E davanti alle telecamere il protagonista si è abbandonato alle lacrime: “Oggi è un grande giorno per me: è il compleanno di mio figlio e Dio non fa mai le cose a caso. Sono stato criticato, e le critiche non sempre aiutano a crescere. Io so che non sono grande né per taglia né per talento, però ho sempre lavorato tanto, per tutti”.
Una storia degna di un film, ma simile a quella di molti altri portieri africani. I tifosi della Roma ricordano molto bene Bruce Grobbelaar, portiere Zimbabwese del Liverpool, che durante la finale di Champions League del 1984 incantò con il suo celebre “spaghetti legs” Ciccio Graziani e Bruno Conti, mossa poi copiata da Jerzy Dudek nella finale di Istanbul contro il Milan.
Una carriera ed una vita da leggenda per questo personaggio nato come giocatore di cricket, cresciuto come giocatore di baseball e infine consacrato portiere, che tra un rigore parato e l’altro accusò i neri sudafricani di discriminarlo perché bianco (si, lo ha fatto davvero).

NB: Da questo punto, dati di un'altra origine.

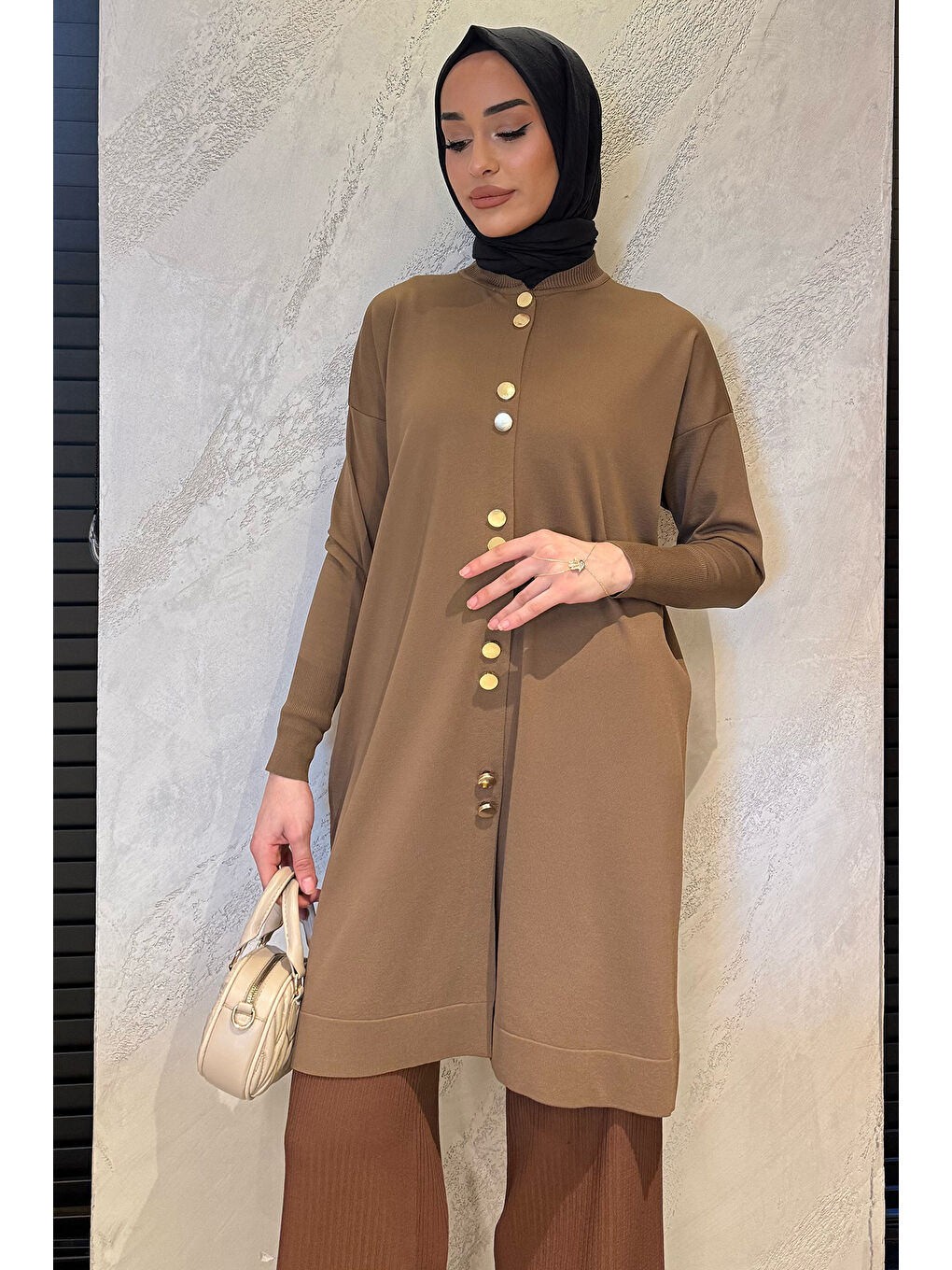 Bej Kadın Gold Düğme Detaylı Tesettür Triko Hırka-1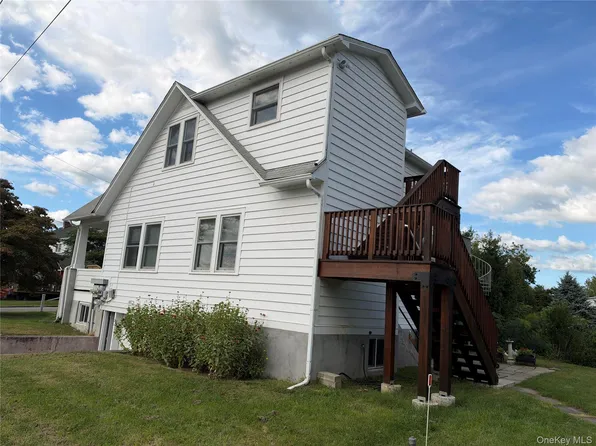 9 Lafayette St #2, Verplanck, NY 10596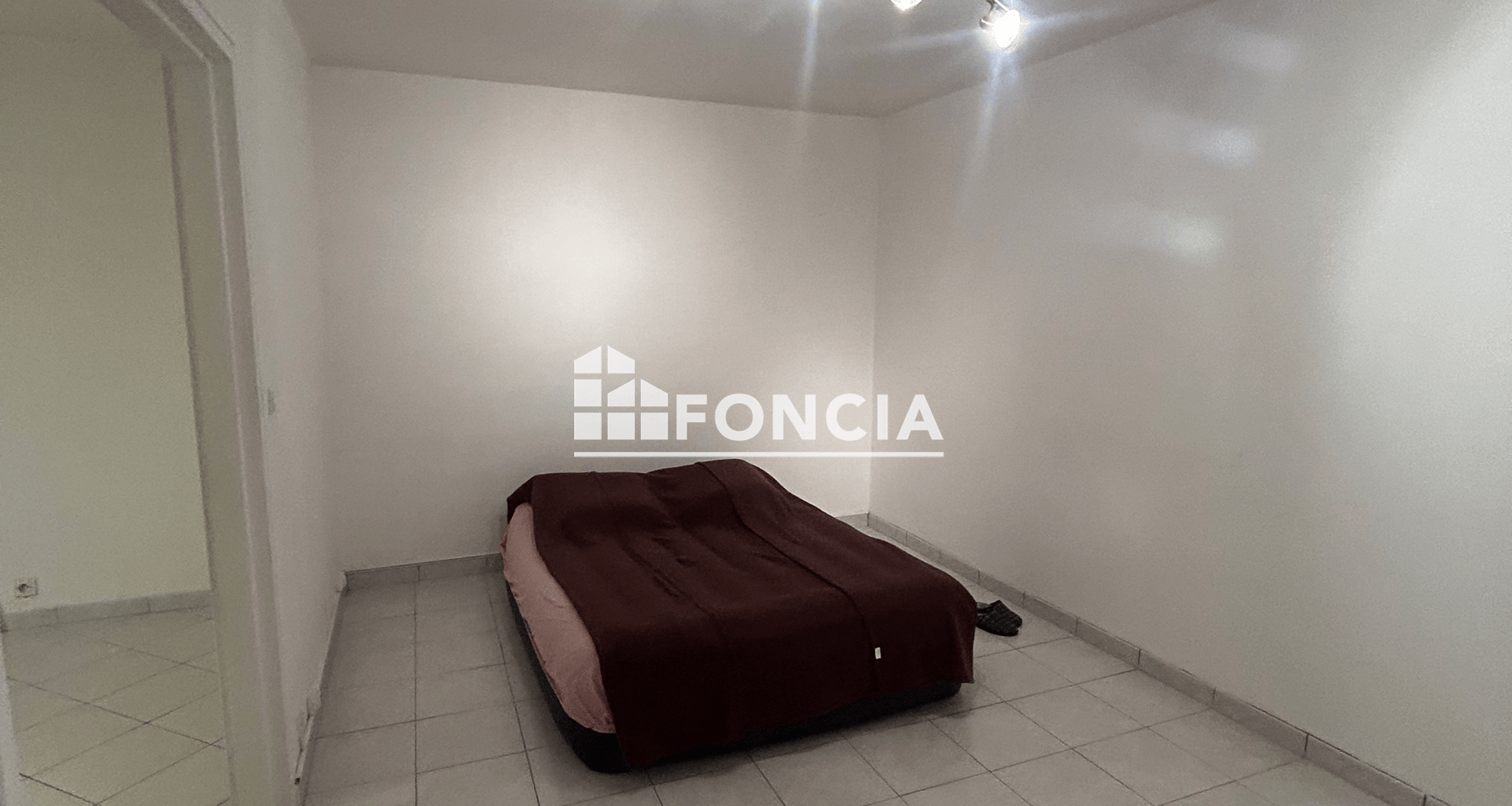 Appartement 4 pièces (82 m²) à vendre - Corbeil-essonnes (91100)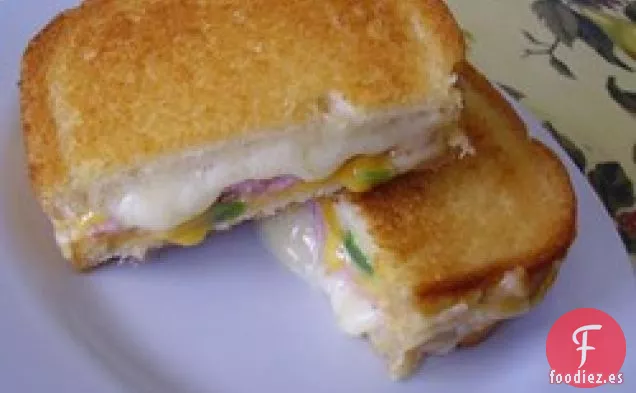 Sándwich Picante de Jamón y Queso a la Parrilla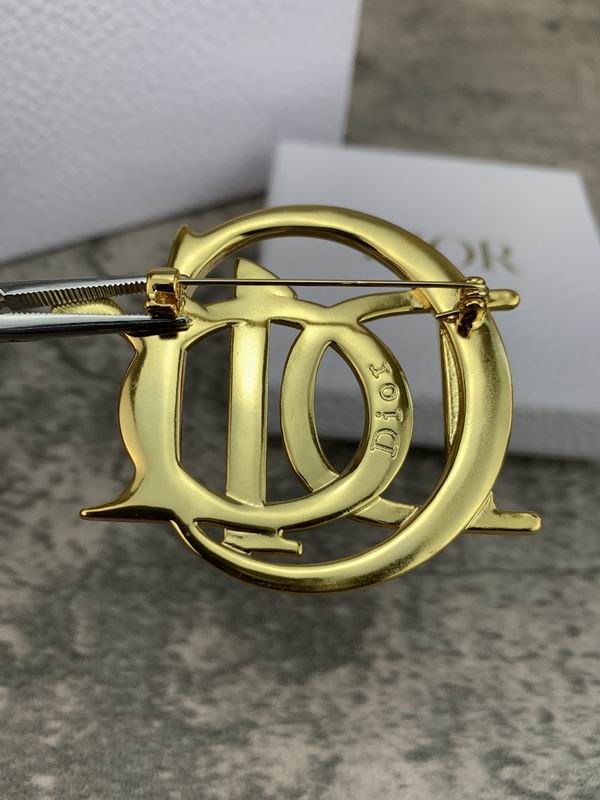 Dior Brooch 05lyr57 (5)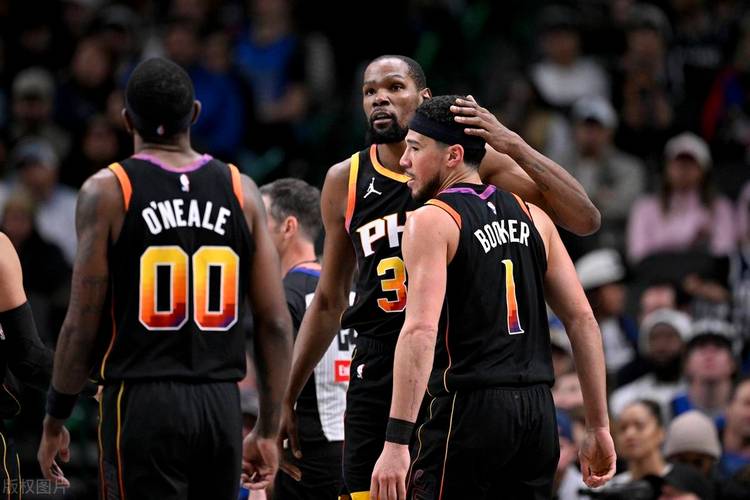 NBA 季后赛 G1：勇士客场胜森林狼，四人表现出色成关键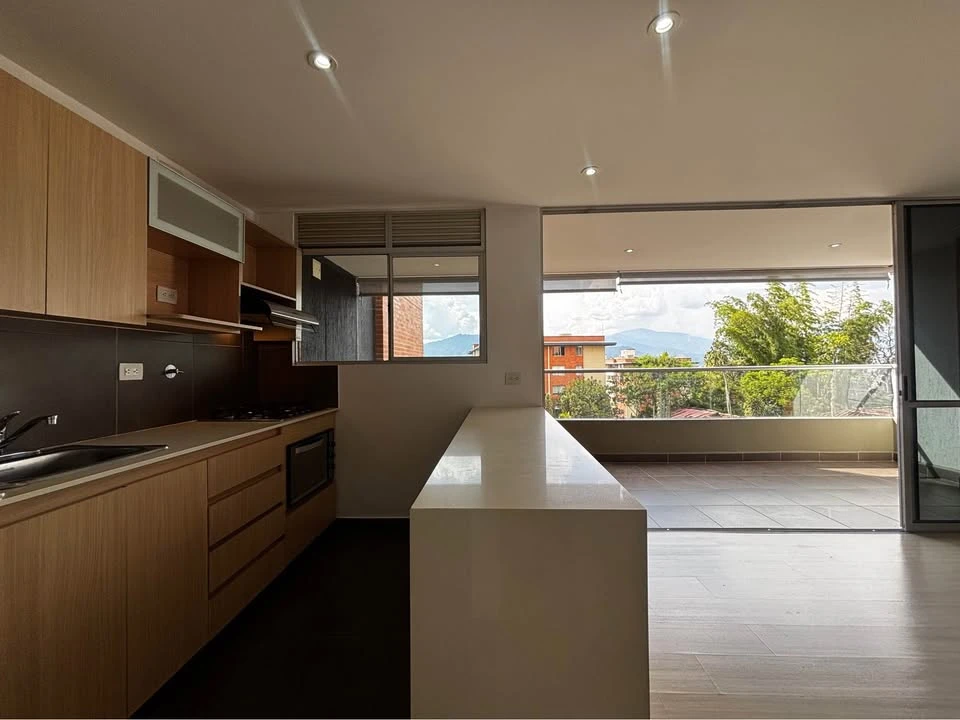 Apartamento en arriendo sector loma del esmeraldal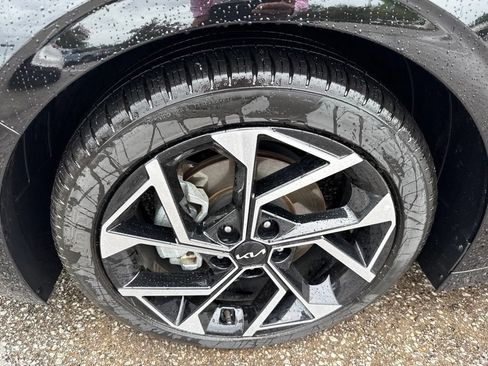Used 2025 Kia K5 EX FWD image 5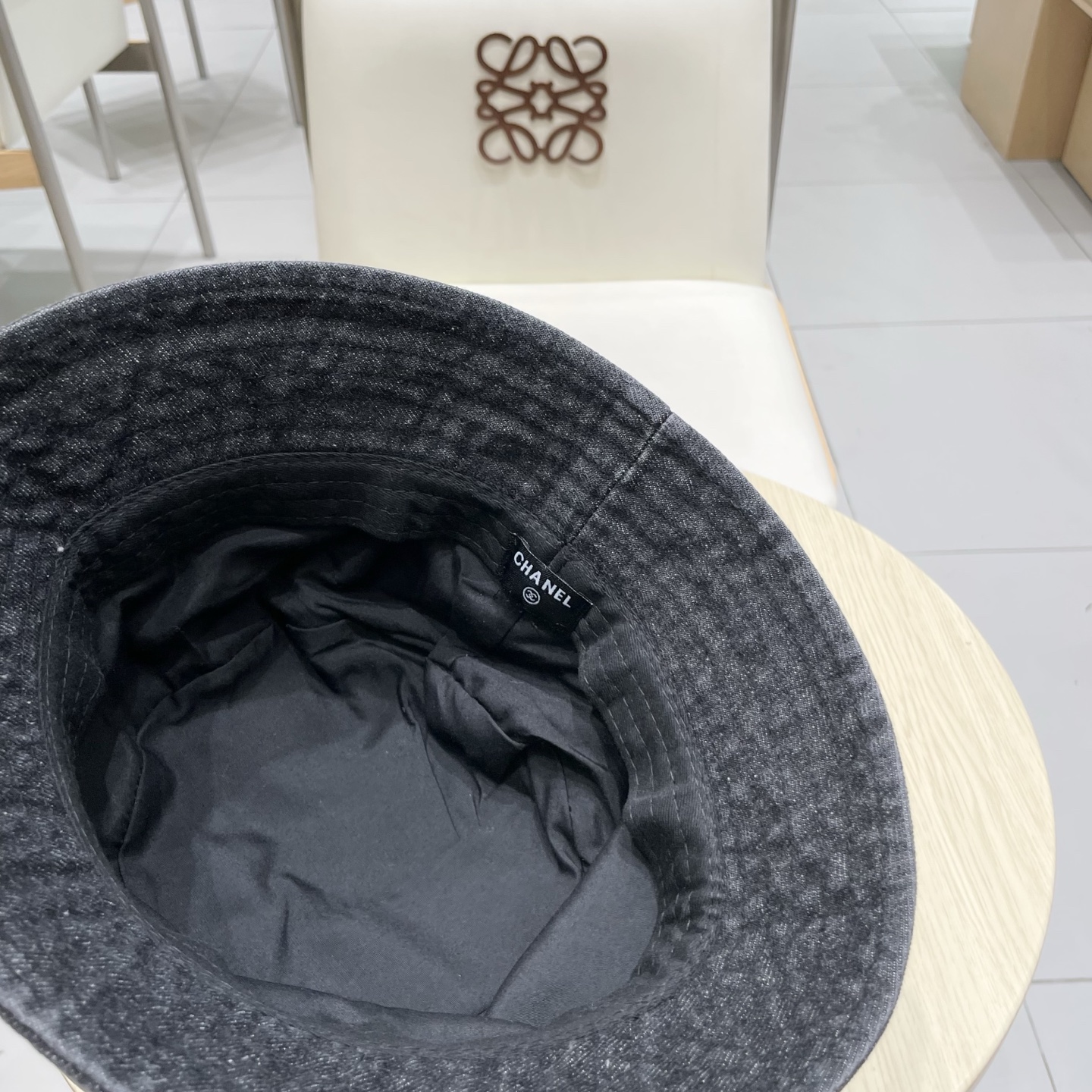  CHANEL香奈儿新款🆕牛仔蓝复古款式渔夫帽🔸 节假日旅游带它出去美美哒❕  中古款哟.这种帽子不容易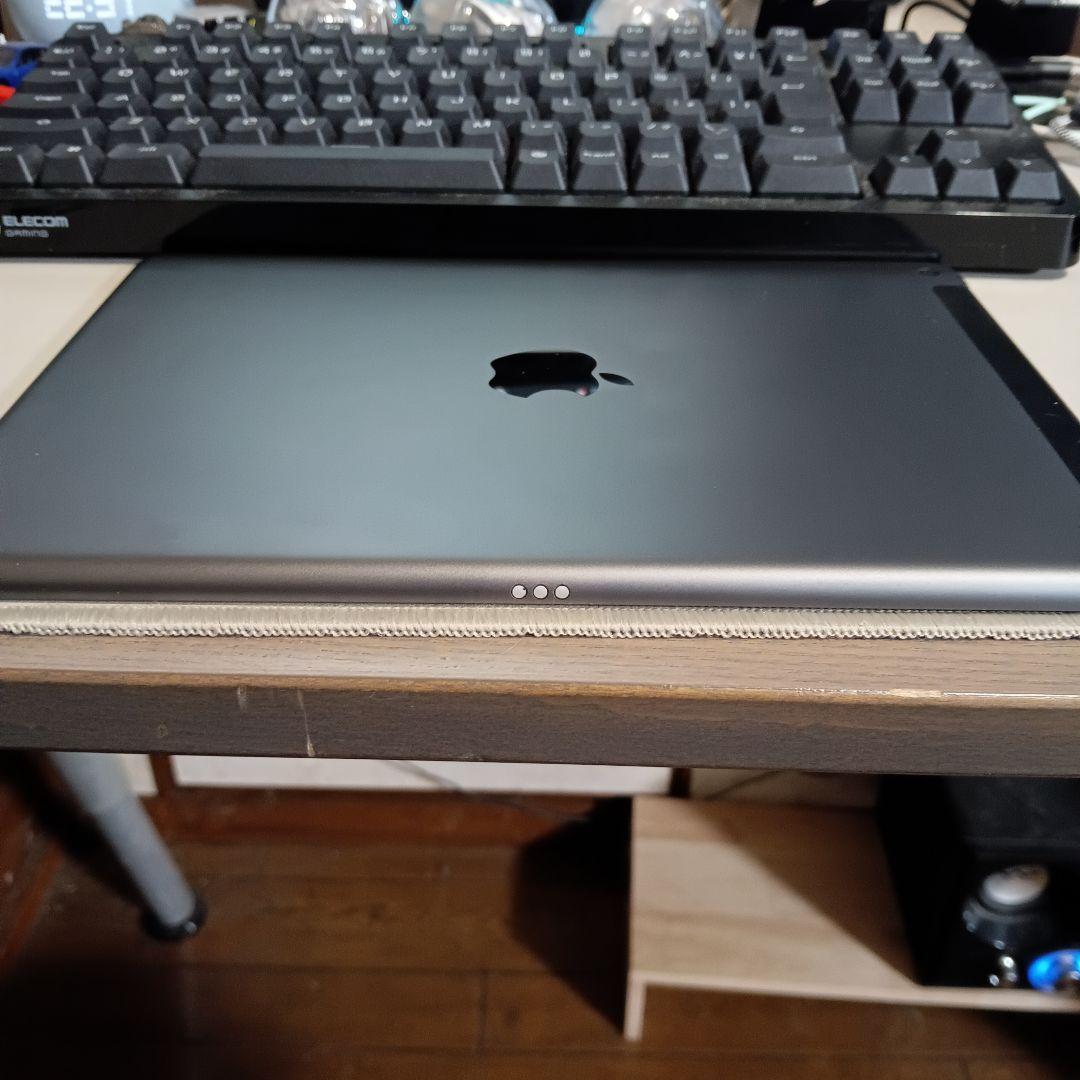 ipad 第7世代　Cellularモデル　32GB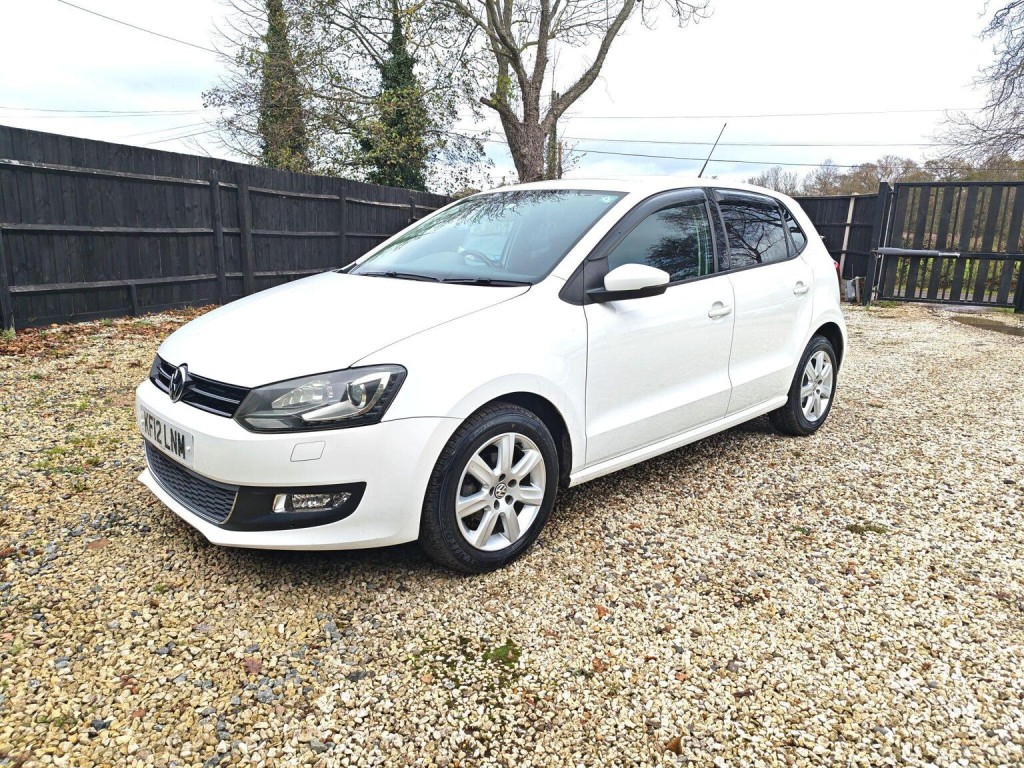 VOLKSWAGEN POLO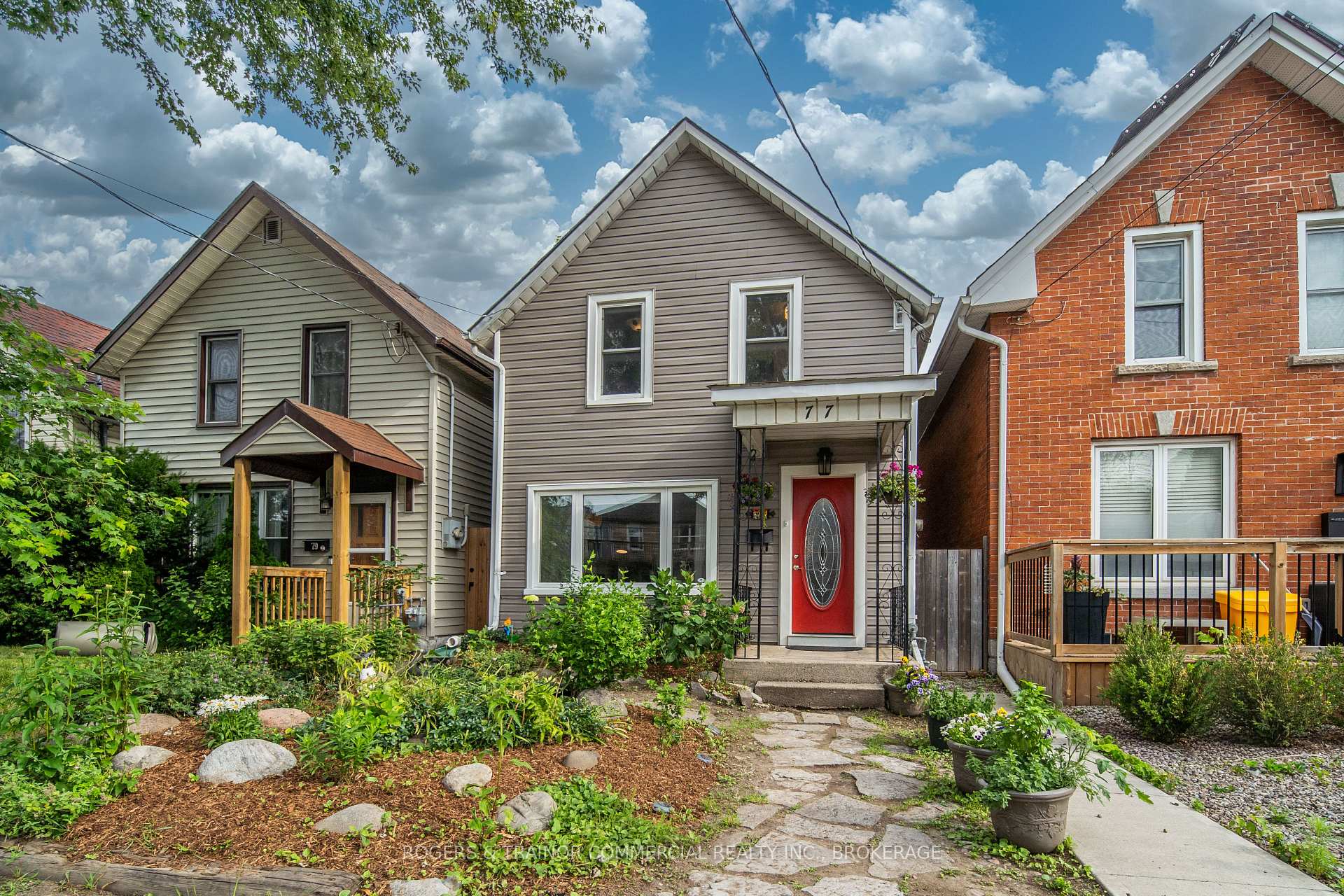 Photo 2 of 77 Pine Street, Kingston, East of Sir John A. Blvd — HOMEH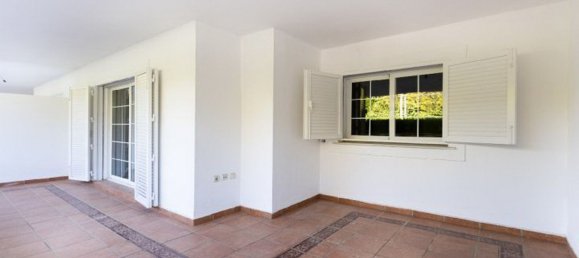 3 bedrooms Apartment in Marbella, Spain No. 102461 10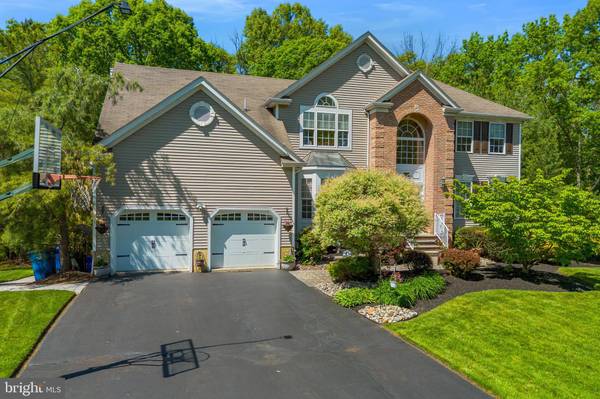 52 SPRUCE MEADOWS DR, Monroe Township, NJ 08831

Il più grande portiere della storia africana viene però dal Camerun, ed è senza ombra di dubbio Thomas N’Kono, vincitore di due Coppe d’Africa con la sua Nazionale.
Proprio N’Kono però ha voluto criticare la scuola calcistica africana: “In Africa dei portieri non frega niente a nessuno. Altro che punti di riferimento, io non avevo nemmeno la tv… E nessuno mi ha mai preparato, fino a che un’anima pia, il portiere jugoslavo Vladimir Beara, non arrivò in Camerun (nei primi anni 70, ndr) a insegnarmi come si faceva il nostro mestiere. E le cose non è che poi sono cambiate tanto. In Camerun abbiamo avuto Bell, Songo’o, Kameni e ora Ondoa e Onana ma mica vuol dire che c’è una scuola: talento puro, nient’altro. Oggi i ragazzi sono fortunati perché vanno in Europa e possono crescere, l’Africa continua a non fare nulla per i suoi portieri”.
Il calcio africano non aiuterà i suoi portiere a crescere, ma sicuramente lascerà tantissime storie e dei caratteri assolutamente pittoreschi, talmente pittoreschi che un uomo decise di chiamare suo figlio Thomas, proprio in onore di N’Kono. Lo stesso uomo decise di diventare portiere grazie allo stesso N’Kono che lo aveva ammaliato durante i Mondiali italiani del 1990… quest’uomo… si chiama Gianluigi Buffon… e allora grazie Thomas, un pezzo di storia del calcio italiano è anche merito tuo.